For those who actually enjoy mathematics, the Stewart Calculus textbook has Problems Plus at the end of each chapter which require just a bit more thinking compared to the homework problems. bob added some others to the list below.

Here are a few selected problems with additional instructions whose successful solution without collaboration, if written up as a clear self-contained mathematical report (or using a clearly documented Maple worksheet), can substitute at a 10/10 for one of your lowest quiz grades. Just getting the answer does not cut it. [I have solved each of these problems myself in order to assess their reasonableness for students.]

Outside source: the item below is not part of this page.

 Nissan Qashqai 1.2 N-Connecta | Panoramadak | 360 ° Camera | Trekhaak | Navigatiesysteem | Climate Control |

chapter 12. vector algebra

- ProblemPlus 8. maximum volume solid region with given projections onto the 3 coordinate planes: square, triangle, circle.

chapter 13. space curves

- ProblemPlus 3. projectile motion.

- Figure out how to parametrize this star shaped parametrized curve [gif] by observing the relative frequencies of the rotating circles and the usual parametrizations of those circles, and find the exact angle needed to rotate this star so it is "upright".
- Figure out how to parametrize the motion of a corner of the square wheel which rides horizontally on a cycloid roadbed.

chapter 14. surfaces

- ProblemPlus 3. max-min gutter cross-section.
- ProblemPlus 8. maximum of a function

chapter 15. multivariable scalar integration

- ProblemPlus 7. maximal area
circumscribed ellipse.

- ProblemPlus 13. volume between an
ellipsoid and a tilted plane passing thru 3 of its axis intercepts.

This is a nice problem, and helpful for really understanding triple integration, but the direct approach only leads to an unsuccessful attempt, which forces you to a numerical integration in a concrete example with fixed scale parameters, and hence to no general formula in terms of the arbitrary scale parameters.

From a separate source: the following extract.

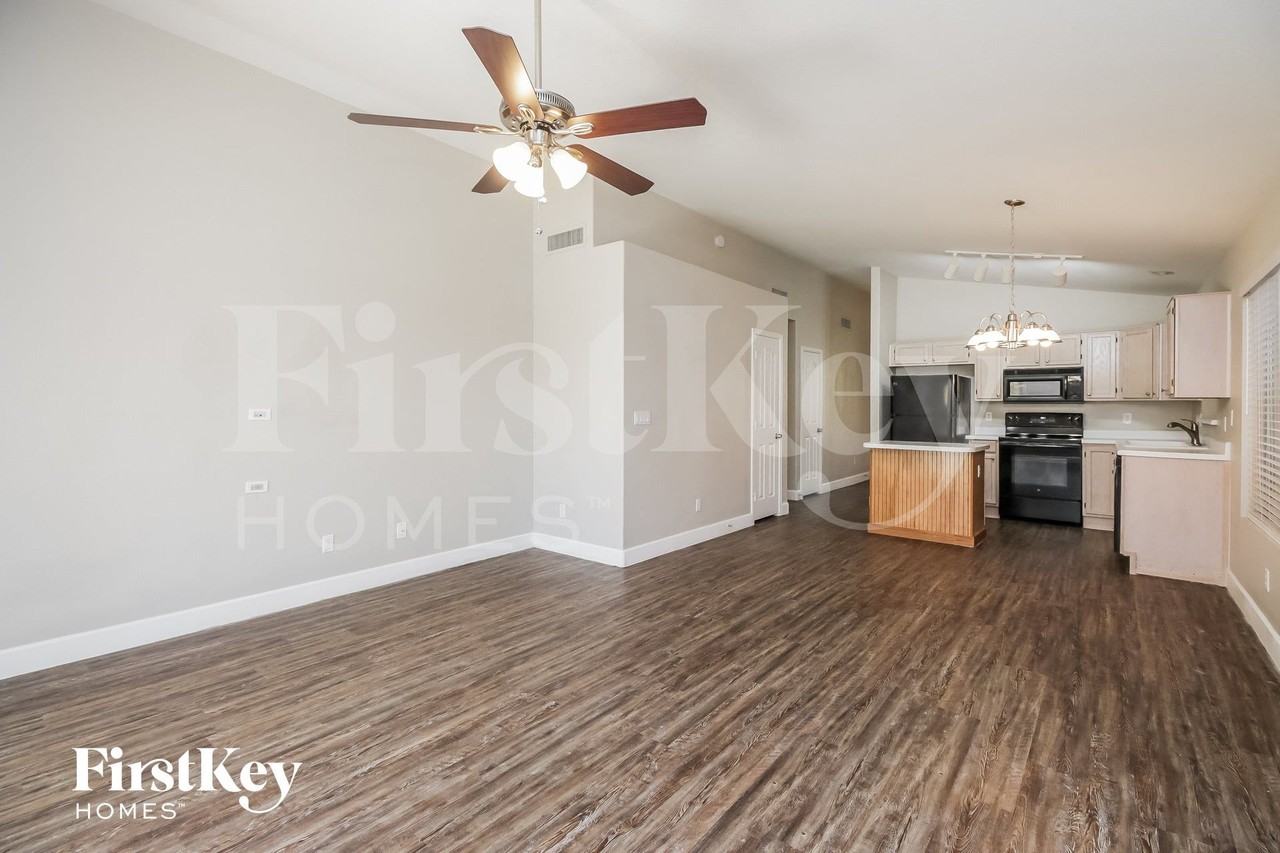 1121 W Kingbird Dr - Photo 3 of 15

[Hint: this is only do-able if you make an obvious change of variables to factor out the parameters!] - Use approximate Riemann sum discrete double integration to determine the volume of the 3d heart and what percentage it fills of the minimal box which contains it. This is a nontrivial challenge and you have to do a bit of Maple programming with numerical procedures to get this to work.

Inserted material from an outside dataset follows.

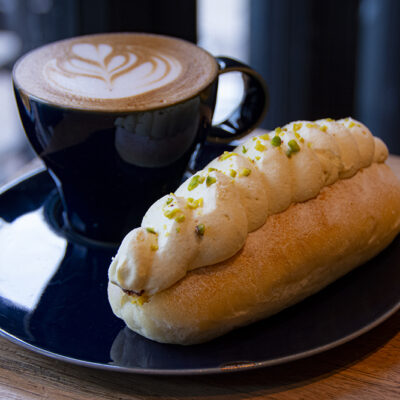 ドロゲリア サンクリッカのピスタチオマリトッツォ ドルチェ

chapter 16. vector field integration

- ProblemPlus 1. alert astro majors! explore solid angle for understanding areas on the celestial sphere, with the divergence theorem.
- ProblemPlus 2. maximizing a closed loop line integral. also find its maximum value.
- ProblemPlus 5. a typical vector analysis identity, proven by brute force expansion.
- ProblemPlus 6. looks very interesting, but I have not myself looked at how to work it yet.